With financial help from a team of DC-based investors, Brady and Dana will launch the first brick-and-mortar location of Timber Pizza, after years of towing their oven to farmer’s markets, city curbs, and weddings. The 36-seat restaurant in Petworth maintains the same focus of the mobile venture: 12-inch “Neapolitan-ish” pies.

“We didn’t want to do classic Neapolitan dough,” Dana says. “We wanted it crispier.”

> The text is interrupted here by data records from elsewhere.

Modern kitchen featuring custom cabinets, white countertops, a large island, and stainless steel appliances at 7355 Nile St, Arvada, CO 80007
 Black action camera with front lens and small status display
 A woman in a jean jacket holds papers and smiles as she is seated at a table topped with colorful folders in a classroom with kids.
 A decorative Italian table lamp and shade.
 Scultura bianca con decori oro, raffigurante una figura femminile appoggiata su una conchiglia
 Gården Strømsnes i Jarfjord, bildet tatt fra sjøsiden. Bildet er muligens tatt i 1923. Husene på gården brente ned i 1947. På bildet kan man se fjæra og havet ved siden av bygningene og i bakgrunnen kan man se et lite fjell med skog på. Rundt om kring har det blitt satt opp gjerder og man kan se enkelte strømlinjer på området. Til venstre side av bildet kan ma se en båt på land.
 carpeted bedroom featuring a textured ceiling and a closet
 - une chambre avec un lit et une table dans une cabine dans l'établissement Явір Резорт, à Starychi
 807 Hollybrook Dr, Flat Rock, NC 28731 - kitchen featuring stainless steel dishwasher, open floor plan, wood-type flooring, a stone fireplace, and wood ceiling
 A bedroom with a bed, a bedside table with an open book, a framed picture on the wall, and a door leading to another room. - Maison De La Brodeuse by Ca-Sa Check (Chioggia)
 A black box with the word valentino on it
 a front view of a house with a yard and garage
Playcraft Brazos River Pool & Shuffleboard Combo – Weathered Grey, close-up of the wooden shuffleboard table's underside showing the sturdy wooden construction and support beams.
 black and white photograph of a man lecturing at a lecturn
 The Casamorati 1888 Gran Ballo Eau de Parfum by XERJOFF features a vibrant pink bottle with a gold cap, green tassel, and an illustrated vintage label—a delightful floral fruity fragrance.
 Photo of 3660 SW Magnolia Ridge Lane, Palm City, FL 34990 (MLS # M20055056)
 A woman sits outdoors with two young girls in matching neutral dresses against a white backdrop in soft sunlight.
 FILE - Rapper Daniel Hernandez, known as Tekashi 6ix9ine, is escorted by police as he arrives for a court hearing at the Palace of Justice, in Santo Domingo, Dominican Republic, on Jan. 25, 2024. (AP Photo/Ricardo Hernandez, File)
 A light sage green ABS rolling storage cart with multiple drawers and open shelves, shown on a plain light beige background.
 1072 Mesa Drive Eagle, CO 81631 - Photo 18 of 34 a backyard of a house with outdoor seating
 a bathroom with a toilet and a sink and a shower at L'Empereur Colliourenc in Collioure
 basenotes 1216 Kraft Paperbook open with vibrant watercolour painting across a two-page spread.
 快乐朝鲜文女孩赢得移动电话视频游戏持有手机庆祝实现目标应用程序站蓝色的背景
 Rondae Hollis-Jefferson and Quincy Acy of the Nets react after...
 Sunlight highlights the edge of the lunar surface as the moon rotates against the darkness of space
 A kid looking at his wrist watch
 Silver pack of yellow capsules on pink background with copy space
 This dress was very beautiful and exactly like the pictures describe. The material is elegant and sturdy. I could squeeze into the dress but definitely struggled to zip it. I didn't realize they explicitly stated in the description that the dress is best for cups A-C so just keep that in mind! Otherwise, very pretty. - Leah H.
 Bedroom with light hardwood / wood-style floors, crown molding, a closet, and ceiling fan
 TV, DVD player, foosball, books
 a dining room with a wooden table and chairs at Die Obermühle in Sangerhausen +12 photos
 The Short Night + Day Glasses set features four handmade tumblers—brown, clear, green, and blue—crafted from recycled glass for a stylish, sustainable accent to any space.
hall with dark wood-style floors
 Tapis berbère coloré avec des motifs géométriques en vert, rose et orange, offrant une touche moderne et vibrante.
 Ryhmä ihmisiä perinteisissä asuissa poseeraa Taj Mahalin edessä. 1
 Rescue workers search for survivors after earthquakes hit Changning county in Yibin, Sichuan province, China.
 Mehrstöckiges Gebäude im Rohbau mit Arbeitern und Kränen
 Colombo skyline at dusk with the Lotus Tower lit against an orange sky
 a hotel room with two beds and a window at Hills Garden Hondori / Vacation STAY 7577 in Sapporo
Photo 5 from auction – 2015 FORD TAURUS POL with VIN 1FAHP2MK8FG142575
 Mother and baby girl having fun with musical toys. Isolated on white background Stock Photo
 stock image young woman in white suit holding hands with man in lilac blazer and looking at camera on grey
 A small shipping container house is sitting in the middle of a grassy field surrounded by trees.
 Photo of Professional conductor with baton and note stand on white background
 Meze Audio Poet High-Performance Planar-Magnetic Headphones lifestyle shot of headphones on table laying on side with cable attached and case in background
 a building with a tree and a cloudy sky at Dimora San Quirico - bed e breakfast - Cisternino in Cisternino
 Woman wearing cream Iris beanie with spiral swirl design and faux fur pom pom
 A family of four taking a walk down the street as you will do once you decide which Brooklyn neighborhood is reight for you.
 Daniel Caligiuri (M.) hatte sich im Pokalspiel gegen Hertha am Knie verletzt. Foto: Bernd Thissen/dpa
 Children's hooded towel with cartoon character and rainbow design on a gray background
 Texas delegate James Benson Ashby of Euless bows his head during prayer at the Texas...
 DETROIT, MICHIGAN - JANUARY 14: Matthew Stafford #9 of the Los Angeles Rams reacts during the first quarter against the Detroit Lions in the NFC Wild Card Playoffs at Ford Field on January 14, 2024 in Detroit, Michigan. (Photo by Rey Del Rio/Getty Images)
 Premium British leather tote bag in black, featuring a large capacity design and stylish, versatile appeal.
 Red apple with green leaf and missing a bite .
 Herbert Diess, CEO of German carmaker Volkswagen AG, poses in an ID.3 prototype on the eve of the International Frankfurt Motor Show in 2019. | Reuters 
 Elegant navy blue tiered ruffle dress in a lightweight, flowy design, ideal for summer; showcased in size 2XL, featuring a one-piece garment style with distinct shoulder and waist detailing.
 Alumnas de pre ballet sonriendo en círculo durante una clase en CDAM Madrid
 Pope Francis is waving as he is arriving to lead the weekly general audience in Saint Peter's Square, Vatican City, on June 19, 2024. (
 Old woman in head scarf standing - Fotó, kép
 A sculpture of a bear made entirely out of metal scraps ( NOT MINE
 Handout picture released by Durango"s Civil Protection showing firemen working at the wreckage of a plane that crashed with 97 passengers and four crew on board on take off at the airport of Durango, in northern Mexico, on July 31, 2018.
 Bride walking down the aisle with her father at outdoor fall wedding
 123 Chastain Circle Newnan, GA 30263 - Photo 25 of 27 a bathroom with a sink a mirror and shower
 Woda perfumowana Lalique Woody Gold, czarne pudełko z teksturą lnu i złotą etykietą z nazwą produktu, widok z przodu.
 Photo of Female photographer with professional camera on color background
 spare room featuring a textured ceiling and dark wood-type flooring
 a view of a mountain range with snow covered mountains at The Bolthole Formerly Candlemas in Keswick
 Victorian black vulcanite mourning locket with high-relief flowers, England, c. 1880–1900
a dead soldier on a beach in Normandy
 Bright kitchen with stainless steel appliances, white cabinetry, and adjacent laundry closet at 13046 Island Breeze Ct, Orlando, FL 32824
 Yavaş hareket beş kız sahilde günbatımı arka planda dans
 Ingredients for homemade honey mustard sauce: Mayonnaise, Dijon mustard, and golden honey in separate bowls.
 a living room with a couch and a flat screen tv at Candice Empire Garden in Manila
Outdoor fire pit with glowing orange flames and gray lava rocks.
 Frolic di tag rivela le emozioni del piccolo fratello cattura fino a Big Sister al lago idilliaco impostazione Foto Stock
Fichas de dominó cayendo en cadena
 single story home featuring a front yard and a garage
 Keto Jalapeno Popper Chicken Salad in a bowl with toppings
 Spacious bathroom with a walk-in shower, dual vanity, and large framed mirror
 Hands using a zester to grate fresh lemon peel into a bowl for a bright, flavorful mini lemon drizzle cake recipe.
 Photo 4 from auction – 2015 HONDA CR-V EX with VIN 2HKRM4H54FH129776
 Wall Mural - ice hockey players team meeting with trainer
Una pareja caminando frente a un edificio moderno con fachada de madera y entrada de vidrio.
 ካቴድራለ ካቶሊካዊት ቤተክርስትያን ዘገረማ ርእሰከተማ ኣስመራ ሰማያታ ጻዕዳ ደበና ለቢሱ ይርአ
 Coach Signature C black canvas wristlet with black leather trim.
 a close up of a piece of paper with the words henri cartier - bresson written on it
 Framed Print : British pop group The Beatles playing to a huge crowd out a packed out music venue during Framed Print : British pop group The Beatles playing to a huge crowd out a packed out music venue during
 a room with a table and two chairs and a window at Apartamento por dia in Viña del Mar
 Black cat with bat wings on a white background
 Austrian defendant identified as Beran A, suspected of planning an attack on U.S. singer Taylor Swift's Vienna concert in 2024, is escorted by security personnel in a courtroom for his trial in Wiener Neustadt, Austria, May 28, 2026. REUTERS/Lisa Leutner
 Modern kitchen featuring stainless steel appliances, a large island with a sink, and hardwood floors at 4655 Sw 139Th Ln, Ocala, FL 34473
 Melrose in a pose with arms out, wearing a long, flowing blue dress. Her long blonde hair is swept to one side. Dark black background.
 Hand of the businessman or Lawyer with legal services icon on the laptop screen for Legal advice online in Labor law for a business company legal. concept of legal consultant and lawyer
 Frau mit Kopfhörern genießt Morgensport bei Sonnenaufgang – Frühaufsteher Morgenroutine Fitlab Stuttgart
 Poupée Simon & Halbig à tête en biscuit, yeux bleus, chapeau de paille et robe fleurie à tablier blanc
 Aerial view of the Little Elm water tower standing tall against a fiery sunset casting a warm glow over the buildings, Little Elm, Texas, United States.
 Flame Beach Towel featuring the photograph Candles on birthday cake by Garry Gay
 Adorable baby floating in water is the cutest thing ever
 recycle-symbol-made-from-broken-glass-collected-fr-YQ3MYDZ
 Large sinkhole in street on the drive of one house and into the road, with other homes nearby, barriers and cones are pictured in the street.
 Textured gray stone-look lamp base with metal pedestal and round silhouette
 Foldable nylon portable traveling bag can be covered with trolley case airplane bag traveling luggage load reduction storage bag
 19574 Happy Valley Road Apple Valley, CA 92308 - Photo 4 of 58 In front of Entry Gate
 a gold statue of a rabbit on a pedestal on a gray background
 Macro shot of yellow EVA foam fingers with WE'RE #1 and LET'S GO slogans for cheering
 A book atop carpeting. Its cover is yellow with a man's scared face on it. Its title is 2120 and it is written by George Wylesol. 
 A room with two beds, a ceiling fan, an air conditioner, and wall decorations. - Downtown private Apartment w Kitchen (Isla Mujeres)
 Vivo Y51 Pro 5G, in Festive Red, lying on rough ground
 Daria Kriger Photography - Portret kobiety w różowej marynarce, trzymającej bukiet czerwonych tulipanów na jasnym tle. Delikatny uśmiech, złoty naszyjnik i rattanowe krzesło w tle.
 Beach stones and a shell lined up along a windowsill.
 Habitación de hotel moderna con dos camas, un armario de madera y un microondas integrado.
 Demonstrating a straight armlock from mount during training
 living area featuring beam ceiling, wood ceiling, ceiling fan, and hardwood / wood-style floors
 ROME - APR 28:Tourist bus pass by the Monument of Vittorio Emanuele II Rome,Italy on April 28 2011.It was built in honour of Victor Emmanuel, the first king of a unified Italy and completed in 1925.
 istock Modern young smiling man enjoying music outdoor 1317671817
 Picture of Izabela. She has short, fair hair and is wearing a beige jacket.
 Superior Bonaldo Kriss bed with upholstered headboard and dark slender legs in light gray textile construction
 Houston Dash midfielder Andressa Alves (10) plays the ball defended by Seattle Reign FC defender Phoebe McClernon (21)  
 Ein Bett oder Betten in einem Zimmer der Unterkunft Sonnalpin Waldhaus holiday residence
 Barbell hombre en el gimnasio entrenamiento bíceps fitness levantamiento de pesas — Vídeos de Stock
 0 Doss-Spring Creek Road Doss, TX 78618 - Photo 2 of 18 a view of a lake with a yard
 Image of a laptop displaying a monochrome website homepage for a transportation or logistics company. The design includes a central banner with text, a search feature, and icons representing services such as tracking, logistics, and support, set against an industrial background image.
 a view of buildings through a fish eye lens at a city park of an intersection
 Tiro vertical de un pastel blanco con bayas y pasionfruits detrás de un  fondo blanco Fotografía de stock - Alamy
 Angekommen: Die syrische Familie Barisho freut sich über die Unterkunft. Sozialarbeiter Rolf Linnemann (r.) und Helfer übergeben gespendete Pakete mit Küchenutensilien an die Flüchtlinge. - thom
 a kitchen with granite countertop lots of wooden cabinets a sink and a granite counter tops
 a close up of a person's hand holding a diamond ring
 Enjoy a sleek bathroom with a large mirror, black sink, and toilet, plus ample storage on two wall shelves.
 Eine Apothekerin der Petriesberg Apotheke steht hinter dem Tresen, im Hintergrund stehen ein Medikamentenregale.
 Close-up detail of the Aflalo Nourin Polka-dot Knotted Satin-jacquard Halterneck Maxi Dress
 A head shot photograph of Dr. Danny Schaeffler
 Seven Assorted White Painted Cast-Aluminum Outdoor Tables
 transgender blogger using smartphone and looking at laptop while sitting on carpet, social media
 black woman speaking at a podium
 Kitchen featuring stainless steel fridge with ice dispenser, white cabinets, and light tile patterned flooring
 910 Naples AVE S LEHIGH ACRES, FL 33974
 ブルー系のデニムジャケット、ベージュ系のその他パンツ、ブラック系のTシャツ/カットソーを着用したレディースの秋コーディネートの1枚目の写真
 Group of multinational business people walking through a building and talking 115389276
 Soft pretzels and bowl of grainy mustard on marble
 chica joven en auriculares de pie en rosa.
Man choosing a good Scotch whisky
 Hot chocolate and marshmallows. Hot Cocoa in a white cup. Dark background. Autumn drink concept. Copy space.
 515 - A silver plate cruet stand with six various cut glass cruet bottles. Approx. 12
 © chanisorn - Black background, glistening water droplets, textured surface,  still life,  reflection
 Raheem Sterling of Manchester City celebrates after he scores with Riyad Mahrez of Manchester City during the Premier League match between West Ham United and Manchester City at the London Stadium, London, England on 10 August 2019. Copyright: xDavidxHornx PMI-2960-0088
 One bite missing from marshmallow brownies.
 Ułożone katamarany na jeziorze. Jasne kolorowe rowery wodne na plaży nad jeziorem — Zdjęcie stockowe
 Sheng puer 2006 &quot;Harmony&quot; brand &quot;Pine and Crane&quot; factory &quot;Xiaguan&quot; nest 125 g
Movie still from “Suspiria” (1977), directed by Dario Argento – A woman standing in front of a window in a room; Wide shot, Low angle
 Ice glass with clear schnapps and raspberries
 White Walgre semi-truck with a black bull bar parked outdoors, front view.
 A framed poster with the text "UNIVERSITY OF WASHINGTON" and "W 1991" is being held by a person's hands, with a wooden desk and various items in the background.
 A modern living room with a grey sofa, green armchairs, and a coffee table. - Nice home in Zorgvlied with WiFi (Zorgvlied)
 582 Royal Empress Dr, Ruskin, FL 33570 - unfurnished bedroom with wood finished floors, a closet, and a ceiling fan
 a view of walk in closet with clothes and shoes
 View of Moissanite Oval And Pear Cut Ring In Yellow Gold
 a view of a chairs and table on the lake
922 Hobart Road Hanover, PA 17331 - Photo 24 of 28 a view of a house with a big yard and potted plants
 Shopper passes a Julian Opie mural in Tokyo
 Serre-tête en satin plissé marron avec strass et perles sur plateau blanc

They use mostly local ingredients from farmers markets, and make everything they can in-house. Early favorites include the “Big G” with pesto, smoked mozzarella, heirloom cherry tomatoes, and ham; the “809” with hot chorizo, soppressata and sweet peppers; and the “Ty Brady,” a mix of crab, corn, potatoes and Old Bay seasoning named after Brady’s dad. All of them range between $10 and $17. They’ll also have pork empanadas and an Italian riff on elote (Mexican street corn), along with local draft beers and simple summer cocktails. For dessert: Dolcezza gelato served in homemade cones.

Pizza restaurant

 

“We had a lot of initial luck where things kind of just worked out well…but we definitely had a lot of ‘oh shit’ moments that first summer,” Dana says. “But you learn fast in those moments.”

Timber Pizza is one of a handful of businesses from Union Kitchen to open a storefront–others include Chaia,District Doughnut, and TaKorean. But even as they move beyond the food incubator, collaborations continue, like a special pie using Dirty South Deli’s pulled pork and Chups’ mango chutney.

“The thing that’s been most valuable in the last year is the relationships that we’ve created and rubbing elbows with different food trucks and purveyors,” Dana says.